Dagsin (Gravity) is one of the 9 entries at Cinemalaya’s 12th year, themed “Break the Surface”. Starring Tommy Abuel, Benjamin Alvez, Janine Guttierez, Sue Prado, Marita Zobel, and Lotlot Deleon, Dagsin centers on the struggles of the present-day Justino (Abuel) as he deals with the gravity of his past that keeps haunting him after his wife Corazon (Zobel) died.
As he reads his late wife’s tell-all diary, he’s reminded of his failures, nightmares, and past judgments – carrying them as burdens of his existence.
As dark as it may seem, Dagsin enlightened us with life lessons we can all reflect on:
(Warning: This article discusses some details of the plot and other elements of the film – may contain spoilers.)
- Love isn’t always like a fairy tale that ends “happily ever after.”
Dagsin perfectly shows, through Justino and Cora, that love stories doesn’t always necessarily have happy endings. Their journey through life has been paved by hardship — they survived a war together, got married, experienced martial law, and got separated finally by death.
- The struggles that we go through life are both our strength and weakness.
Justino endured World War II, Martial Law, his wife’s passing, and the pain of living every day without her. It made him strong enough to keep living yet it’s also the reason why he wanted to let go and give up.
- We survive because we have a reason to.
For Justino, his wife Cora was the reason he survived everything he’s gone through. He built his world around her that when she died, he felt like he also lost his will and reason to live.

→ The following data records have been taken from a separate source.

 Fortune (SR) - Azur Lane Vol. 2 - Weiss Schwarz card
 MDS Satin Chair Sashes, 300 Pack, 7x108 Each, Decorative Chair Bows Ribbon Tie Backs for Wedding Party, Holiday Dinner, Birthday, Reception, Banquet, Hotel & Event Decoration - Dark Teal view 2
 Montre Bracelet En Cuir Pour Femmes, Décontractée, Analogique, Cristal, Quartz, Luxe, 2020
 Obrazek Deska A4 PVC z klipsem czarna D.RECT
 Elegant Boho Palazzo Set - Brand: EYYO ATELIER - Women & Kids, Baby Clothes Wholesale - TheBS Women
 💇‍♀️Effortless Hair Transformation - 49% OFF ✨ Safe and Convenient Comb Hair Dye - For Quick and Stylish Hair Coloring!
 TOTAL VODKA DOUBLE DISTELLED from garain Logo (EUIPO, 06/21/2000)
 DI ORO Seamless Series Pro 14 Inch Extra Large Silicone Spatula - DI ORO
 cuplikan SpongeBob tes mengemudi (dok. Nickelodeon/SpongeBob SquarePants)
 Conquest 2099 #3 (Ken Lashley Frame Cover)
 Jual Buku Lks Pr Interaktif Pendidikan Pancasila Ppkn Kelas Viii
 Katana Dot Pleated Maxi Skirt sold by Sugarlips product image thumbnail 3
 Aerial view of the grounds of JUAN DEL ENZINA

- Often, our past shapes who we are in the present – and in the future.
Dagsin intertwines the past and the present as Justino reminisces memories through Cora’s diaries. He used to be someone who had a positive outlook in life, a believer, until war came like a hurricane that destroyed everything and left him in pieces.
- The sad thing is, sometimes our past damages us.
The film opens with Justino pointing a revolver to his head — playing the “game of destiny” that was later revealed as the way he bargained his life when the Japanese caught him during the war. Every day he fights a battle of his personal demons that questions his existence.
- There are things and people in our lives that keep on pulling us — the gravity that keeps us grounded.
For Justino, his wife always keeps him grounded when everything around him and his thoughts feel like dust floating in the air; and his beliefs, principles, and tragic past experiences starts to devour him. His love for his wife is the gravity that pulls him all together when it seems like he’s about to lose it.
- We have to know when to let go.
“Please accept His will and let me go.” Cora’s last words kept echoing inside Justino’s head ever since her passing. His undying love for her made it so hard for him to let her go and every day he yearns to be with her again.
- We make critical choices and judgments that we wish we didn’t have to.
Probably one of his life’s greatest irony is that Justino is a venerated Judge who decides and sentences people’s lives according to the law – a job that reflects certain memories from his past that he probably wish he could just forget.
- Accepting and realizing that we all need someone who will be there for us.
No matter how bad Justino treats Mercy (Lotlot De Leon), their adopted daughter, she still tries to show compassion towards him since she vowed to her Mama Cora that she’ll take care of him. Even if he never treated her like his own daughter, she understands how hard it is for the old man to be alone after his wife died.
- And maybe all we need is a little bit of faith and the will to keep going.
The gravity of everything Justino went through, especially when Cora died, made him question everything he believed in and his faith in God. With his undying love for his wife, he holds on to that little faith that he’ll be with her again in the afterlife.
Tommy Abuel’s spectacular acting in Dagsin earned him his very first Best Actor award at the Cinemalaya 12 Awards Night last August 14 at the Cultural Center of the Philippines.
Dagsin was screened at CCP and Ayala Malls Cinemas (Glorietta 4, Greenbelt 1, TriNoma, Fairview Terraces , U.P. Town Center, Solenad and Ayala Center Cebu) during Cinemalaya 12’s run on August 5-14.